Sintang, Kalbar – Anggota DPRD Kabupaten Sintang, Senen Maryono mendukung penuh kebijakan Pemkab Sintang yang akan penggunaan plastik sekali pakai dan menggantinya dengan wadah ramah lingkungan.
“Saya sangat mendukung rencana tersebut, karena ini adalah solusi untuk mengurangi sampah plastik dari rumah tangga.

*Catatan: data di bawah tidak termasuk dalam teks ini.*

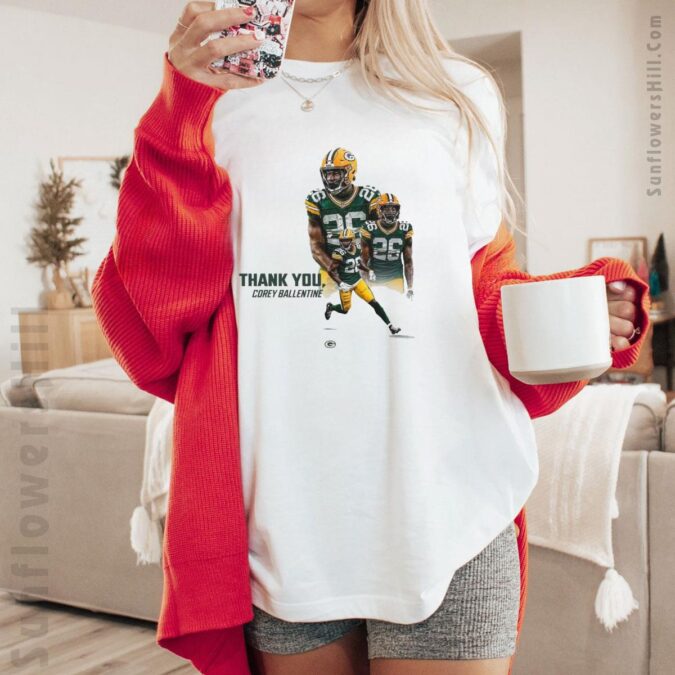 Corey Ballentine Green Bay Packers 2025 Thank You NFL Fan T-Shirt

Saya mengimbau masyarakat untuk mendukungnya dengan mengurangi pemakaian plastik dalam aktivitas sehari hari,” ujarnya.
Dikatakan Senen, plastik memiliki sifat yang sulit terurai hingga ratusan tahun, sehingga sebaiknya ditinggalkan penggunaannya.
“Saya mengajak masyarakat untuk menggunakan wadah lain ketika berbelanja. Jangan menggunakan sampah plastik lagi,” ajaknya.

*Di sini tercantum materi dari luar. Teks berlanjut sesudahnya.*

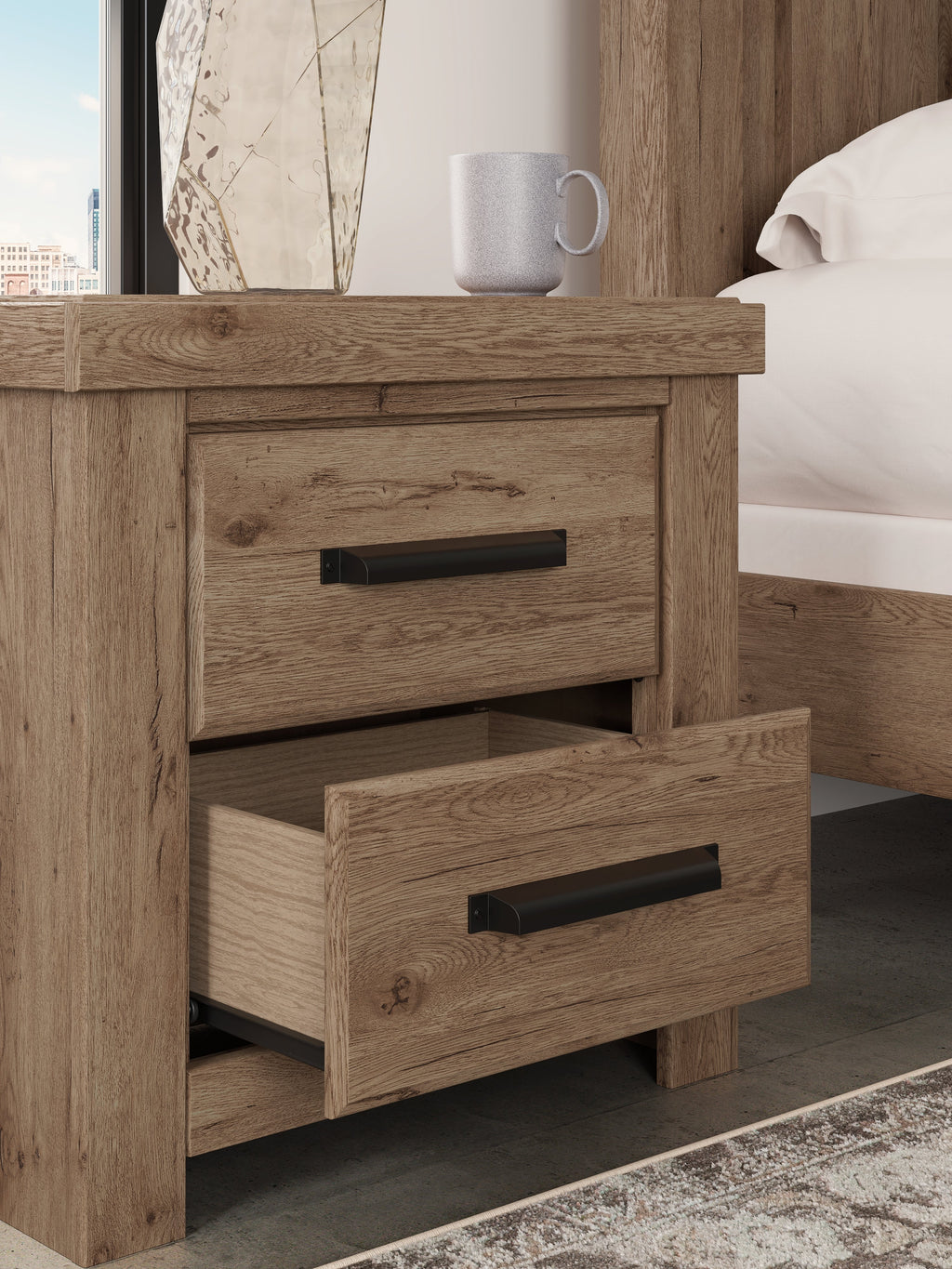Oliandon Light Brown Nightstand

Menurut Senen, masyarakat bisa menggunakan tas dari anyaman rotan dan anyaman yang biasa diproduksi pelaku usaha mikro kecil dan menengah ketika akan berbelanja.
“Selain membantu mengurangi sampah plastik, kita juga bisa membantu UMKM agar produknya laris terjual,” kata Senen.
Sementara itu, Bupati Sintang, Gregorius Herkulanus Bala sudah mengeluarkan Surat Edaran Nomor: 600.4.15.1/30153/DLH-C/2025 tentang Penghentian Penggunaan Plastik Sekali Pakai dan Penggantian Dengan Wadah Ramah Lingkungan.
Igor Nugroho, Kepala Dinas Lingkungan Hidup Kabupaten Sintang menegaskan bahwa larangan penggunaan plastik sekali pakai tersebut akan mulai diberlakukan pada 1 Desember 2025.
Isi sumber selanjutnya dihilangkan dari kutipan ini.